Stammberger believes that the RSA Conference grew faster and larger than other, more well-established conferences because it did not target the specific audiences (criminology, insurance, government, etc.) that the others did.
“Pretty much, we started with technical security professional and cryptographers only. And that was it,” Stammberger said. “What we were realizing in the early ’90s at RSA is that cryptography and privacy and these other technologies were much broader-reaching than anybody understood before that. These technologies had huge implications for law and policy for standards, for personal technology.
RSA Was a Conference of Firsts
“The innovation that RSA brought to the table and why it grew so fast was that we were the first conference to introduce this idea of different tracks for people that weren’t cryptographers or computer security professionals, but who were interested in computer security from other angles. We had a law and policy track, a markets tracks … so you would have bankers and traders and market analysts at the same conference with cryptographers and security admins. You’d have lawyers and elected officials at that same conference.
“We were mixing together all these communities of people who all had a stake in computer security and cryptography, but never really talked to each other before,” Stammberger said.
Despite the huge growth of the event over a span of 25 years, Stammberger hasn’t seen a whole lot change in the main problems with keeping data safe and available only for the appropriate people.
“With this whole FBI vs.

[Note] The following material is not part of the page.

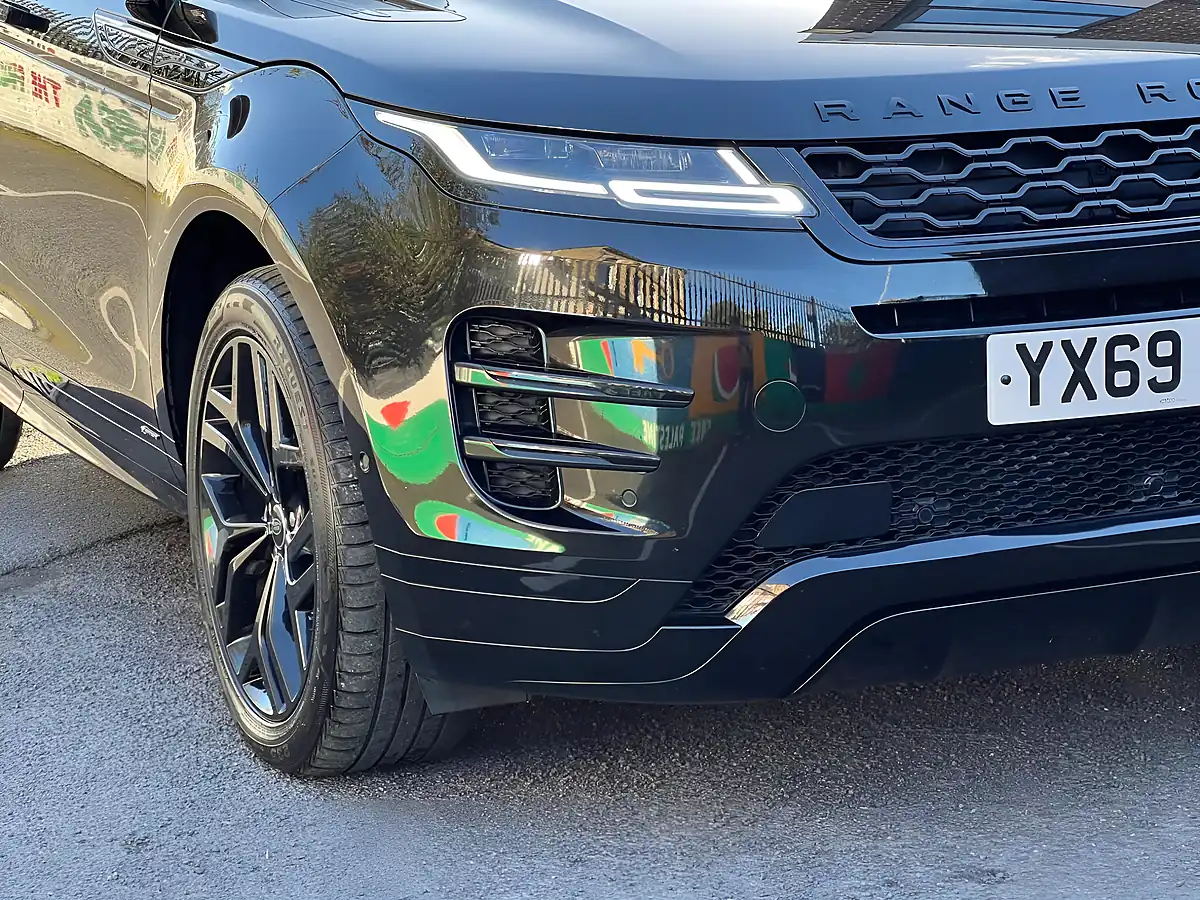 Used 2019 Land Rover Range Rover Evoque R-Dynamic Hse Black - Interior and Exterior details 20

Apple thing, I feel like we’re in a time warp,” Stammberger told eWEEK. “It seems like every five to seven years, the FBI and the NSA take another run at it, and they try some kind of proposal to slide in compulsory backdoors, or, in this case, saying a company can be compelled to do engineering work for us, without limit, on demand.”

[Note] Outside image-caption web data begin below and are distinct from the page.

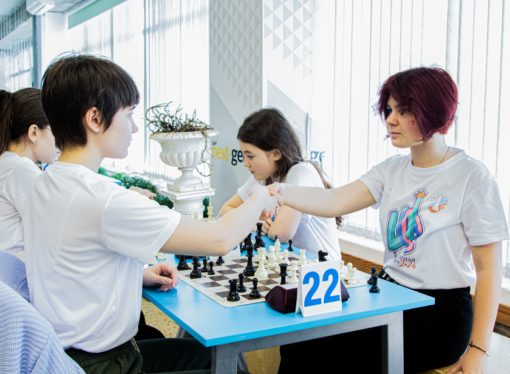 В «Орлёнке» юные шахматисты сыграют партию с чемпионом России  Михаилом Панариным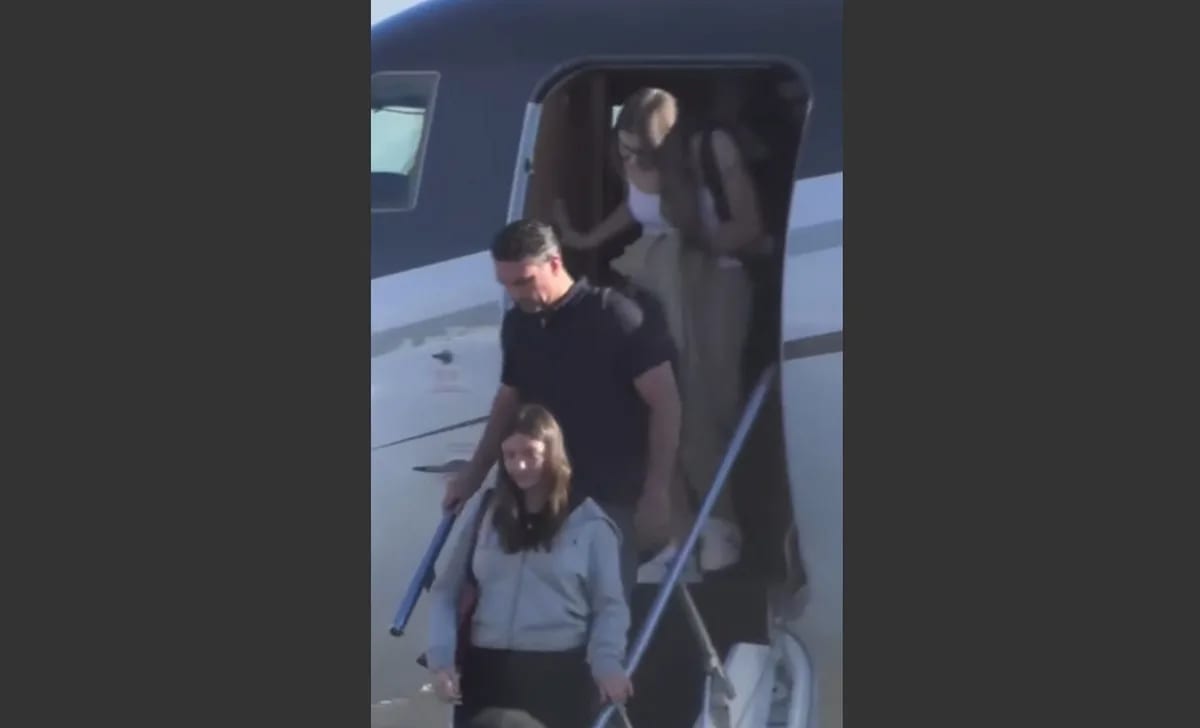 Flávio Bolsonaro desembarca nos EUA após sair do Brasil, passando por Argentina e Equador; veja vídeo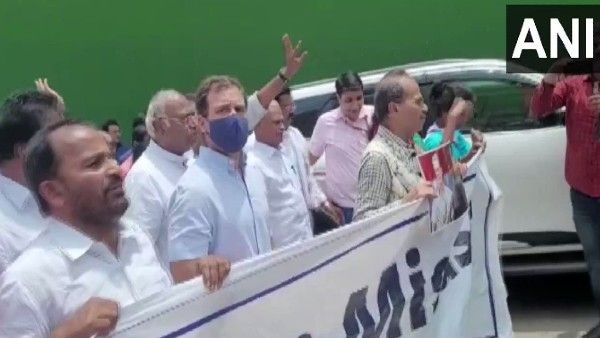 सोनिया गांधी से ED की पूछताछ पर कांग्रेस का विरोध मार्च, पुलिस ने राहुल गांधी को हिरासत में लिया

Go here to see eWEEK’s continuing coverage of the FBI vs. Apple disagreement over security backdoors.
RSA Conference 2016: What’s Old Security is New Again
A little background from Stammberger:
“The NSA, in 1993, was getting scared, because public key cryptography was really beginning to take off. They were worried about large portions of their signals’ intelligence capability going dark on them. So they forwarded their proposal for a chip, called Clipper, that would encrypt everything but it would have one set of backdoor keys that the FBI and the NSA would have. And that chip would go into every PC and every Mac that was sold in the world. That was their solution back then.”
It’s almost exactly the same thing we’re seeing with FBI vs. Apple today, Stammberger said. “They’re saying either build in backdoors for us, or we’re going to compel you to do work for us to help us decrypt it. It’s a time warp; it’s the exact same arguments that are being made over and over again. This is a battle we fought 22 years ago. It’s evergreen; it keeps coming up.”
RSA at the time joined a national campaign of security professionals against the Clipper proposal.
“We wore big buttons that said ‘Sink Clipper,’ rallying the troops and trying to inform people about it because back then. Not as many people were clued in about cryptography and security in general,” Stammberger said. “We were pretty worried that NIST (National Institute of Standards and Technology) and the NSA would kind of slide this through as a standard, while nobody was paying attention.”
Clipper Chip Now Long Defunct
The Clipper chipset was intended to be adopted by telecommunications companies for voice transmission. It was announced in 1993 and by 1996 was entirely defunct.
At the heart of the concept was something called key escrow. In the factory, any new telephone or other device with a Clipper chip would be given a cryptographic key that would then be provided to the government in escrow. If government agencies “established their authority” to listen to a communication, Stammberger said, then the key would be given to those government agencies, who could then decrypt all data transmitted by that particular telephone.
The Electronic Frontier Foundation, which was new on the scene, preferred the term “key surrender” to emphasize what they alleged was really occurring.
“We banged the drum pretty loudly to get people to understand the risk of building in a permanent government backdoor into every system, and how dangerous that was. NIST eventually withdrew the proposal because they couldn’t get any industry support for it,” Stammberger said.
Whether that will happen again now, in FBI vs. Apple, is unknown, and it appears to be headed to a high court showdown. But if history is a guide, this initiative, too, will crash and burn along with all the others.